I connected all the refrigerant lines, which come precharged with refrigerant by the way, and then connected the electrical. Now for the moment of truth, would it actually do something? I turn on the switch and the compressor comes alive. After several hours the box is cold and frost is starting to cover the holding plate. After a day or so to let the system settle in I add items to my box and note how quiet the system is.

Unfortunately at this point in time Mike took his boat and headed north and so the finish woodwork he was going to do now needed to be done by someone else. I hired Tom Blada, owner of The Masters Vessel who is a shipwright and

does great work.
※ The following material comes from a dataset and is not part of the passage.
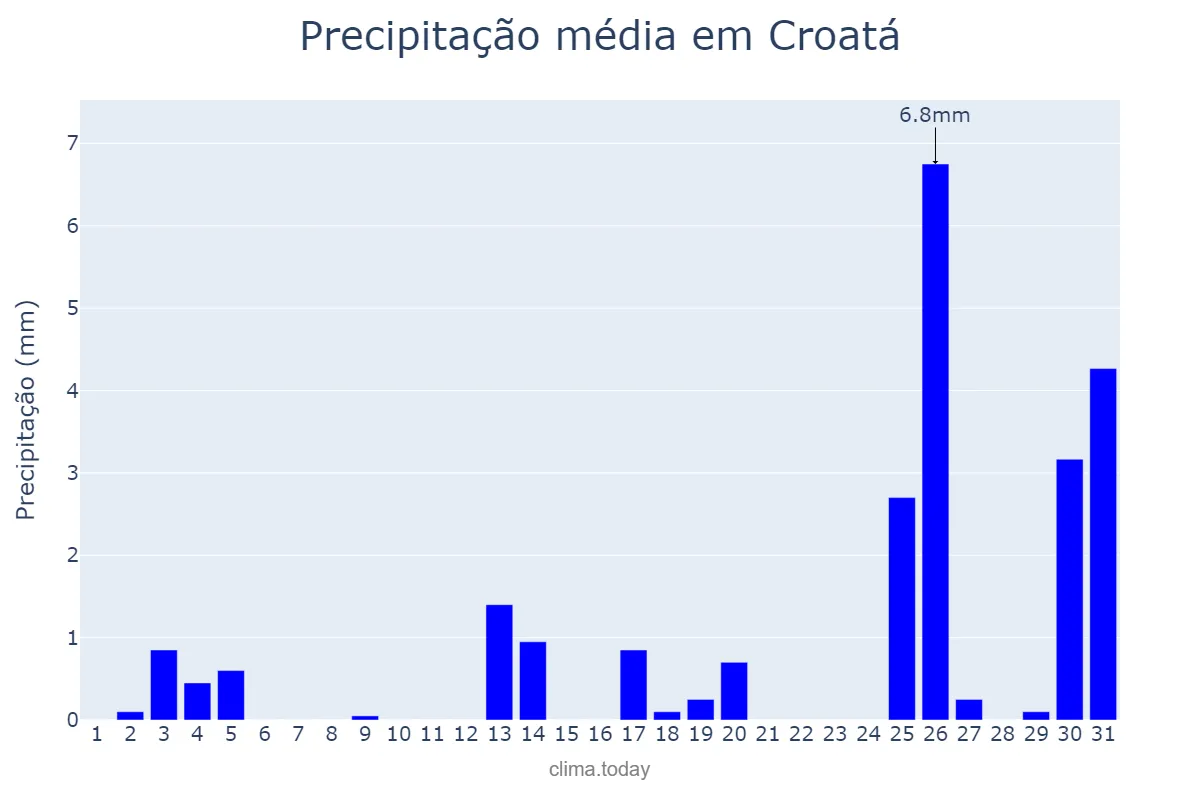 Precipitação em dezembro em Croatá, CE, BR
He jumped right in and got the job done for me installing a front and side panel of teak that matched the boat's interior, custom made teak lee rails, and a nice Formica top that matched the wood.

And so the project was finished except for the varnishing. That I can do myself. The fridge looks fantastic, is very efficient and damn, are my beers cold now! I placed a water bottle in the back by the holding plate and it managed to freeze solid. The two capillary gauges now read about 28 degrees F (-3 C) near the holding plate and 38 Degrees F (3 C) at the very top furthest away from the holding plate. A hanging temperature gauge mid way in the box indicates 34 degree F (1 C). Pass me a beer!